My Netflix Instant Queue is getting out of hand. I don't know exactly how many titles are on there, but I can tell you that between the horror movies I keep stumbling upon for this month's viewing and the shows my lovely wife keeps putting on there to entertain our almost-one-year-old, it is literally a crap-ton of programming. Literally. My "Recommended For You" feature just suggested "A Nightmare On Seasame Street" and "Dora: Portrait Of A Serial Killer." I tell ya, it's getting out of hand.

Today I selected one that I hadn't heard much buzz about, but had nevertheless intrigued me. Last year, Darren Lynn Bousman, director of Saw II, III, and IIII (the Saws weren't known for their adherence to strict rules of Roman numerals - just ask Saw IIIIIII) put out an apocalyptic Devil-y movie that was released on and revolved around November 11, 2011. The idea was something akin to when Hollywood decided to remake The Omen (terribly) simply because they could hit a release date of June 6, 2006 --- 6/6/06, or 6/6/6 if you bought what the Hollywood machine was selling.

Okay, so put one out on November 11, 2011, tie in some other numerological mumbo jumbo and you've got yourself a horror movie. Let one of the Saw guys direct it? I'm in.

So here's the deal. I select 11/11/11 from the IQ. The credits fire up and we're on our way. I don't recognize any of the names here, but that's no real surprise. But wait - it's not even the right director. Uh oh. Oh no - there it is in black and white - An Asylum Films presentation.

Damn you, Asylum Films. You got me. I've been mockbustered.

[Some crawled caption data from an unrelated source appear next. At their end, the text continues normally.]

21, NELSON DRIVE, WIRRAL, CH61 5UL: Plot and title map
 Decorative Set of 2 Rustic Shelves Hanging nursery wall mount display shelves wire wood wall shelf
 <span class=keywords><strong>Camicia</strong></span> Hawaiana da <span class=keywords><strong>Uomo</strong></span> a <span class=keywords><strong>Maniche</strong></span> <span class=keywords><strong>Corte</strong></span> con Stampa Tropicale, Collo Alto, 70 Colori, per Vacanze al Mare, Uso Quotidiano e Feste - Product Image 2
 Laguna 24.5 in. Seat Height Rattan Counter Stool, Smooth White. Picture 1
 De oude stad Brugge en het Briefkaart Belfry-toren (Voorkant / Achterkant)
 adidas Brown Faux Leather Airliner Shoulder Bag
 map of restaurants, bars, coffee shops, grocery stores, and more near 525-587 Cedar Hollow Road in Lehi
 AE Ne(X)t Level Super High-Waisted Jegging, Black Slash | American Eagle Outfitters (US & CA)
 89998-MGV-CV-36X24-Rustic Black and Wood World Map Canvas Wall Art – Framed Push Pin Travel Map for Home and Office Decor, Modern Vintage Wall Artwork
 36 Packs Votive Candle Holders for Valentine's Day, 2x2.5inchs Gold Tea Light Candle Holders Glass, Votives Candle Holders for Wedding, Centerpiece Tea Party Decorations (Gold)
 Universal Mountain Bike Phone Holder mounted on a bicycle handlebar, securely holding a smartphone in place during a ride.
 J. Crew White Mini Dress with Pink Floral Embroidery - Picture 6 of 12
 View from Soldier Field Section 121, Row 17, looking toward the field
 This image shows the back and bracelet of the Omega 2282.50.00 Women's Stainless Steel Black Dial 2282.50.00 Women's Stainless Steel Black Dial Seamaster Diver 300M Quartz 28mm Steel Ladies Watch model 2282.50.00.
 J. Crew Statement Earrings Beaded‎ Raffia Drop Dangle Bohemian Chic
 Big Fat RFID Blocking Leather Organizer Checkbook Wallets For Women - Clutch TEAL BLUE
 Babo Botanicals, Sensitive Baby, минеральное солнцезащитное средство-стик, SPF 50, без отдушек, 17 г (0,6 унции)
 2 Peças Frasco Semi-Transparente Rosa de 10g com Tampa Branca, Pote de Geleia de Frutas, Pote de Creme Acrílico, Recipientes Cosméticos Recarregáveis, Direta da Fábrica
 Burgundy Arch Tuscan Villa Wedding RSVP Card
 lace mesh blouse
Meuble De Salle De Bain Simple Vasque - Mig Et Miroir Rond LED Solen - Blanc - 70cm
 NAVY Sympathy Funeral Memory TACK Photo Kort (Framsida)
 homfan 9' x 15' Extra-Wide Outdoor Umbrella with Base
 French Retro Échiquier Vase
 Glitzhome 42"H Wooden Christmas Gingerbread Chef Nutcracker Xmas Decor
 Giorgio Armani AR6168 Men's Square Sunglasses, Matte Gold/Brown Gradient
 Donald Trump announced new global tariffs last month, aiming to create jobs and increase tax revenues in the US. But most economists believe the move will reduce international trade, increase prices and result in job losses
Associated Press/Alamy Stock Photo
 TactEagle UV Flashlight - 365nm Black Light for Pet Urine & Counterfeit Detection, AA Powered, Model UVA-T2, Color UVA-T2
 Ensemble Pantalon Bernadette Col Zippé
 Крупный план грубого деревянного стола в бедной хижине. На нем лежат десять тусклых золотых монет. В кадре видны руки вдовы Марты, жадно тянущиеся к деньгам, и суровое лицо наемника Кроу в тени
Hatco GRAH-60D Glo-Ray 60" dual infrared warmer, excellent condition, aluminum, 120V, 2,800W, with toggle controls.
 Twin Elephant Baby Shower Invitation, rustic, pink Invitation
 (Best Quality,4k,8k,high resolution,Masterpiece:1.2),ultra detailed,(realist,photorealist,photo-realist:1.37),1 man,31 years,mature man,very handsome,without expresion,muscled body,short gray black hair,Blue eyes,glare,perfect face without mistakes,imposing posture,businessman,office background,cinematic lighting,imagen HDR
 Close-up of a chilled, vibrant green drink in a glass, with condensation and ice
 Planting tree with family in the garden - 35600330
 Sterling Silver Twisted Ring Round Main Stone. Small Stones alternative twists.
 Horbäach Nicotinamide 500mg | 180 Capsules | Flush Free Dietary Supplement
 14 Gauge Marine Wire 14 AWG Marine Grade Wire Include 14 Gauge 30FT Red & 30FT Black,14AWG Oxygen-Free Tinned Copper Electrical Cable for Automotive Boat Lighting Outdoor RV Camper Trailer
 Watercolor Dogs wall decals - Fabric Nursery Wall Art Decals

If you don't know about The Asylum, they are the production company that swoops in just before a big Hollywood movie is released and drops their own very low budget version onto dvd (or SyFy) with a similar title and similar artwork. Transformers at the box office? Try our giant robot movie, Transmorphers. Snakes On A Plane? Meet Snakes On A Train. Abraham Lincoln vs Zombies, The Amityville Haunting, The Day The Earth Stopped... All of these can be yours from The Asylum if you don't care about good special effects, story, acting, and so forth. Somewhere along the way, The Asylum got the idea that Bousman's 11-11-11 (now I get it) would make some money at the box office (it didn't), so they beat them to the punch with 11/11/11. See what they did there?

But hey, a movie's a movie, right? I figured, in for a penny, in for a pound. So I resisted the urge to hit the ol' bail-out button and stuck with my knockoff.

As expected, it looked cheap. But at least with a movie about a neighborhood full of Devil worshippers trying to bring ol' Brimstone Britches into the world through a boy who turns 11 on a certain date, you don't have to worry about spectacular special effects. Honestly, the budget was plenty to pull off this story, convoluted and confusing as it was. It helps when you don't have to pay for real actors.

The biggest problem with 11/11/11 is that it was just unremarkable. Asylum films are frequently good for a laugh, such as in their so-bad-they're-good original productions Mega Pirahna and Mega Shark vs. Giant Octopus. Sometimes they even approach a quantum of competence like in the surprisingly solid 2-Headed Shark Attack. (Really!)  And sometimes they are so awful that you can derive a certain pride in having had the courage and willpower to sit through the whole thing. I'm looking at you, AvH: Alien vs. Hunter.

11/11/11 was none of these things. It was just there. It was the movie equivalent of the last game of the NFL preseason. It resembles the real thing in certain ways, but there's nobody you recognize involved and it feels entirely pointless. When it's over, all you can say is, "well, I'm glad we got that out of the way."